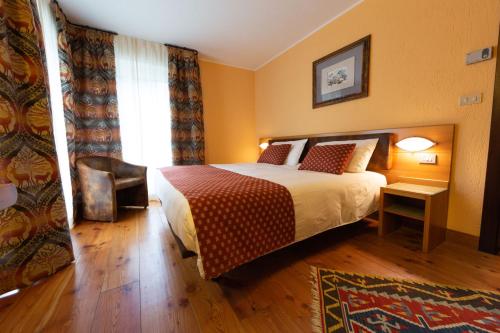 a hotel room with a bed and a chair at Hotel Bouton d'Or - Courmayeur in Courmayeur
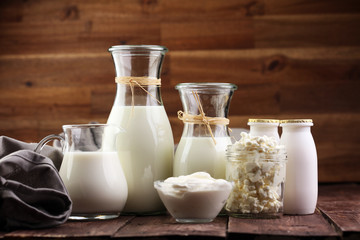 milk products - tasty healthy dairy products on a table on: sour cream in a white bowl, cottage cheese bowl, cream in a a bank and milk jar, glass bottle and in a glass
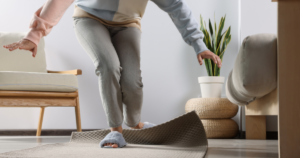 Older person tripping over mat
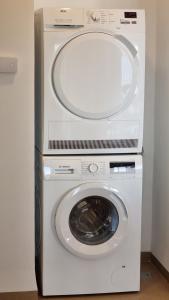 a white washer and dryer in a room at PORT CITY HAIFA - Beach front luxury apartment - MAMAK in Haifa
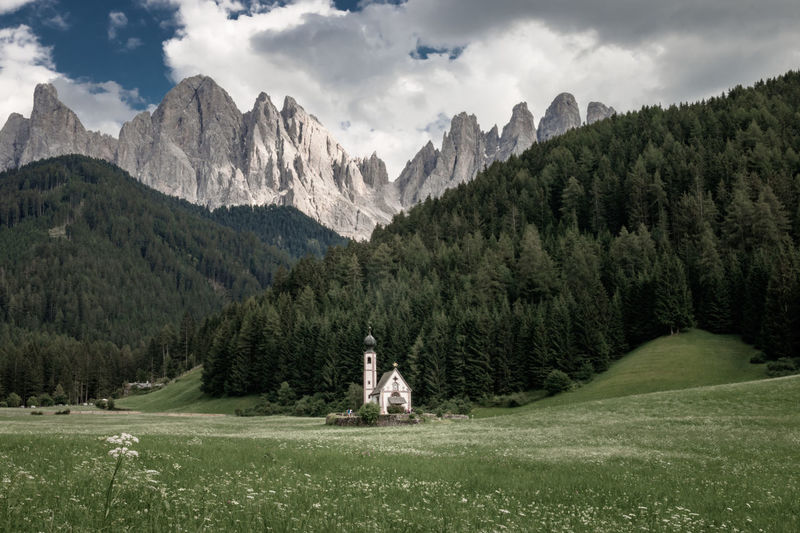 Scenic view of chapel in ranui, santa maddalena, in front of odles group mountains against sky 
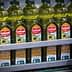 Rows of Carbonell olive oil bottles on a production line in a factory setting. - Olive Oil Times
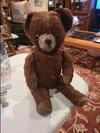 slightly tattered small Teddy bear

----------

Task objective: Copy exactly the part of the material above that opens with the line containing "Older person tripping over mat" and closes with the line containing "Scenic view of", ends included. Drop the images.

Output for this exercise:
 Older person tripping over mat
 a white washer and dryer in a room at PORT CITY HAIFA - Beach front luxury apartment - MAMAK in Haifa
 Scenic view of chapel in ranui, santa maddalena, in front of odles group mountains against sky 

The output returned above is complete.